What you have to do: Please restate the data that follows word for word, with the pictures left out.

Given records:
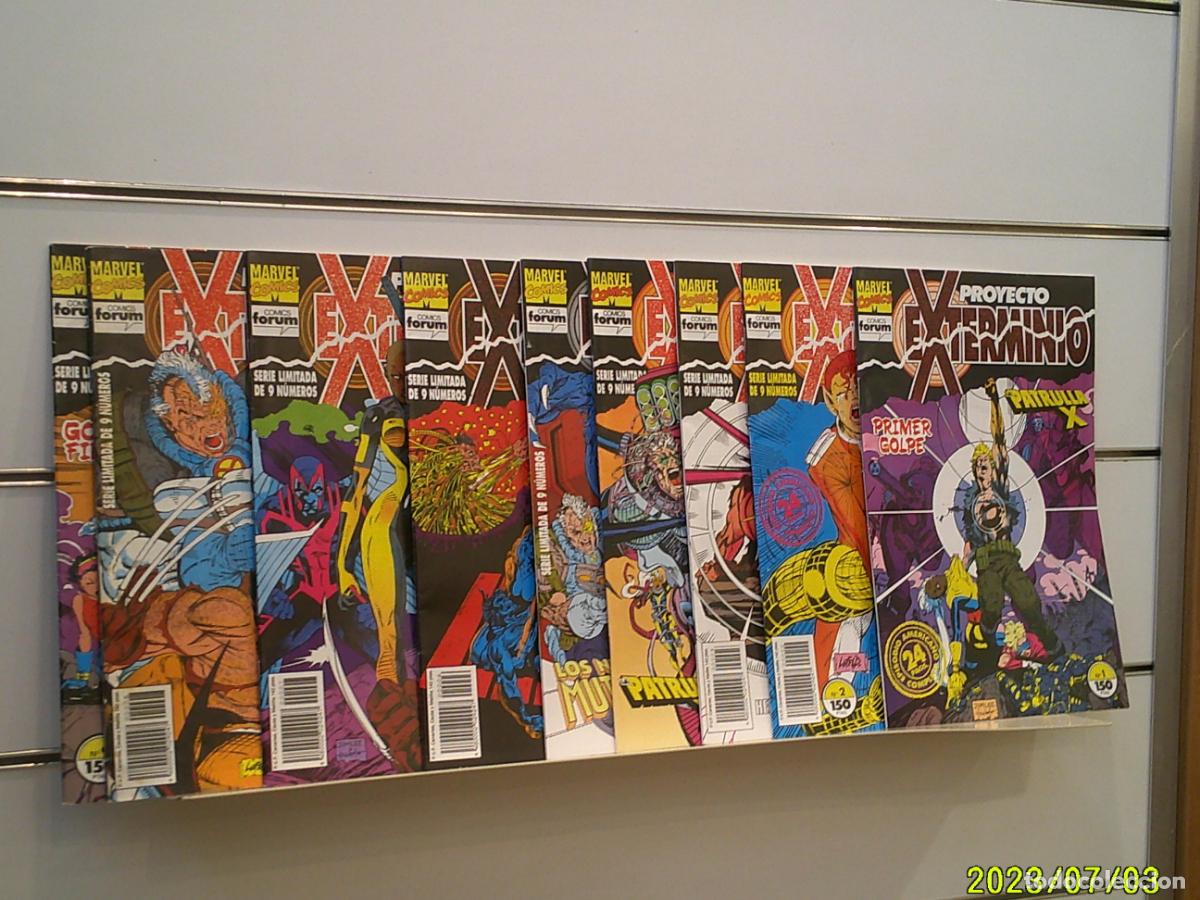C&oacute;mics: PROYECTO EXTERMINIO COMPLETA 9 NUMEROS MARVEL - FORUM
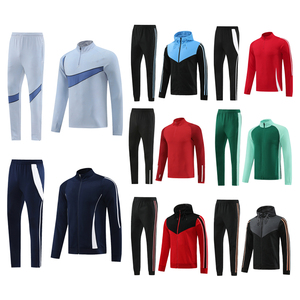 Venta caliente sudadera Track jogging suits Mujeres blanco liso chándales conjuntos para las mujeres al por mayor - Product Image 1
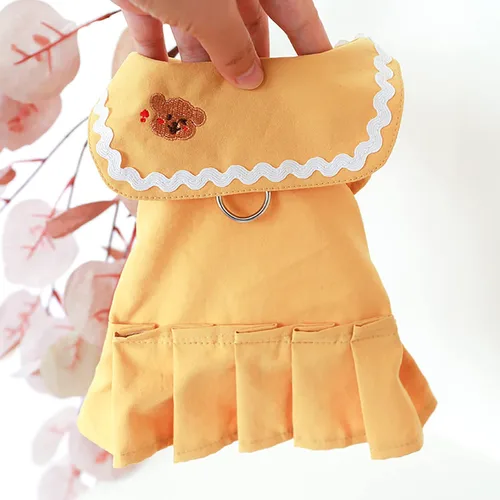 Miniatura 6 de Ropa para perros pequeños, vestidos de perro para niña, lindo vestido de princesa con lazo, ropa para mascotas, vacaciones, invierno, trajes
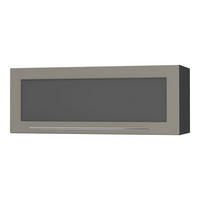 KLAPPHÄNGESCHRANK Kvantum W4BS/90 Beige Matt / Schwarz Matt 90 / 32,5 / 36cm - Beige/Schwarz, Holz/Holzwerkstoff (90/36/32.5cm) - Feldmann-Wohnen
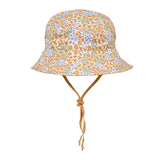 Bedhead Heritage Reversible Bucket Hat-Mabel/Maize S - Low Angle
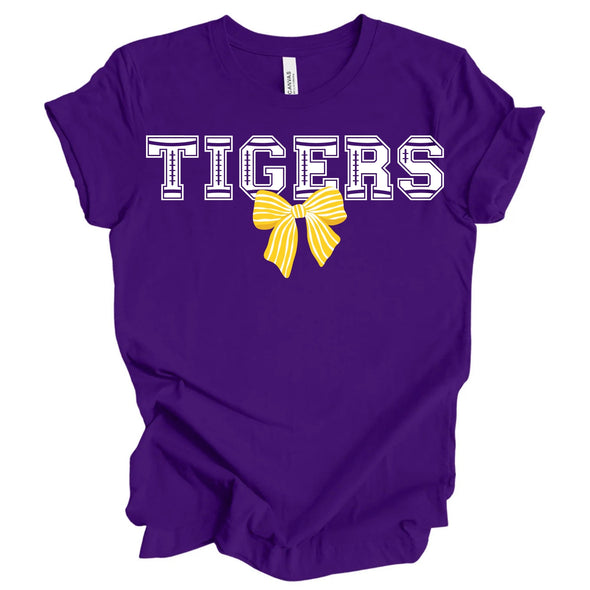 Tigers Football with Bow - Tshirt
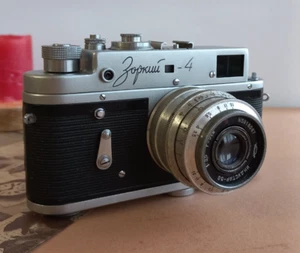 Film Camera 35mm Rangefinder Zorki 4 Industar 50mm f/2 Lens tested Working ussr - Picture 1 of 22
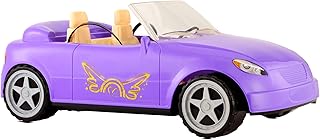 لعبة سيارة كروزر كابريوليه جويت بور انفانتس ام جي ايه دريم ايلا 578116EUC لعروستين أنيقتين مقاس 29 سم تتضمن أحزمة أمان ومراية وعجلات متحركة للأطفال من عمر 3 سنوات، أرجواني، مقاس واحد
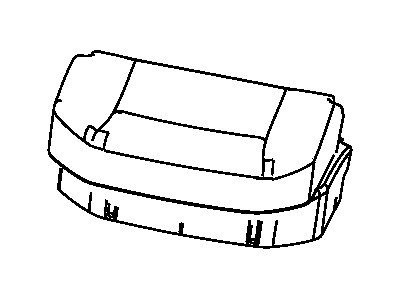 5NA65LT5AA Mopar Cover Rear Seat Cushion Left Illustration 1 of 1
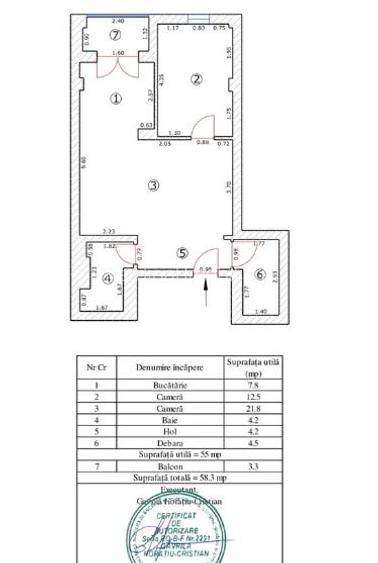 Apartament 2 camereBloc nouEtaj 1/6 - Mihai Viteazu - 10
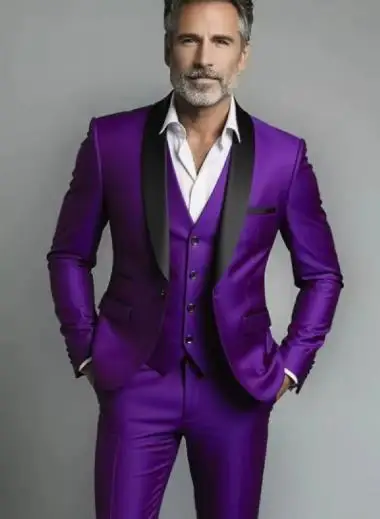 Jacket Vest Pants Solid Color Men's Formal Business Office Suit Groom Wedding Dress Party Blazer Waistcoat Trousers Tuxedo - Image 6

Reply:
C&oacute;mics: PROYECTO EXTERMINIO COMPLETA 9 NUMEROS MARVEL - FORUM
 Venta caliente sudadera Track jogging suits Mujeres blanco liso chándales conjuntos para las mujeres al por mayor - Product Image 1
 Miniatura 6 de Ropa para perros pequeños, vestidos de perro para niña, lindo vestido de princesa con lazo, ropa para mascotas, vacaciones, invierno, trajes
 KLAPPHÄNGESCHRANK Kvantum W4BS/90 Beige Matt / Schwarz Matt 90 / 32,5 / 36cm - Beige/Schwarz, Holz/Holzwerkstoff (90/36/32.5cm) - Feldmann-Wohnen
 Bedhead Heritage Reversible Bucket Hat-Mabel/Maize S - Low Angle
 Tigers Football with Bow - Tshirt
 Film Camera 35mm Rangefinder Zorki 4 Industar 50mm f/2 Lens tested Working ussr - Picture 1 of 22
 لعبة سيارة كروزر كابريوليه جويت بور انفانتس ام جي ايه دريم ايلا 578116EUC لعروستين أنيقتين مقاس 29 سم تتضمن أحزمة أمان ومراية وعجلات متحركة للأطفال من عمر 3 سنوات، أرجواني، مقاس واحد
 5NA65LT5AA Mopar Cover Rear Seat Cushion Left Illustration 1 of 1
 Apartament 2 camereBloc nouEtaj 1/6 - Mihai Viteazu - 10
 Jacket Vest Pants Solid Color Men's Formal Business Office Suit Groom Wedding Dress Party Blazer Waistcoat Trousers Tuxedo - Image 6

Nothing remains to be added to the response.